Fixing the numerous causes of obesity would definitely help. But it's not made easier by the existence of "pro-ana" social media which encourages young anorexics to reinforce each other's dangerous attitudes to food.
When I watch UK streaming services (ITVx) I get bombarded with adds for junkfood takaway services. The obesity promotions are just staggering. (Outside that I mostly watch YouTube with a premium sub, so maybe I'm just unaware as to how this compares to non UK media services)
> What are these 'illegal harms'? I'm online 10+ hours a day for 10 years straight and never seen one. (not assuming they don't exist, but their prevalence/impact might be inflated).
As I understand things, MPs who are on Twitter regularly get anonymous threats of rape, murder etc https://www.bbc.co.uk/news/uk-63330885 - credible threats, with two MPs murdered in the last decade.

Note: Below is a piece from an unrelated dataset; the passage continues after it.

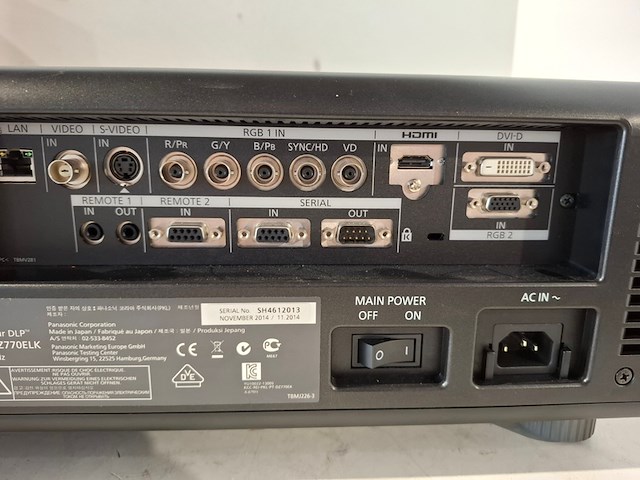 Projector, panasonic, pt dz770, et dle250 lens, 2x et-lad60aw lamp, zwart - afbeelding 8 van  11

You and I have the luxury that we can just not be on Twitter - but when you're an MP, unless you're in a very safe seat you've got to meet voters where they are, not where you'd like them to be.
So from an MP's perspective? In one hand they've got a report about revenge porn, cyber-bullying, 4chan /pol/ and pro-anorexia facebook groups. In the other hand they've got their phone where someone's just told them to kill themselves.
They believe in these "illegal harms" because they've got a front row seat, and experience them on a daily basis.
> As I understand things, MPs who are on Twitter regularly get anonymous threats of rape, murder etc https://www.bbc.co.uk/news/uk-63330885 - credible threats, with two MPs murdered in the last decade.
1. Aren’t such threats already covered by existing laws?
2. They weren’t murdered on Twitter, so I fail to see how the Online Safety Act would have helped prevent this.
> 1. Aren’t such threats already covered by existing laws?
The Online Safety Act isn't about making these things illegal. It's about making it more difficult to do the illegal things in the first place. To take an analogy: money laundering legislation exists to make it harder to use the proceeds of organised crime in legitimate life. Being a drug dealer is already illegal, yet we don't use that as an argument against such laws and regulations.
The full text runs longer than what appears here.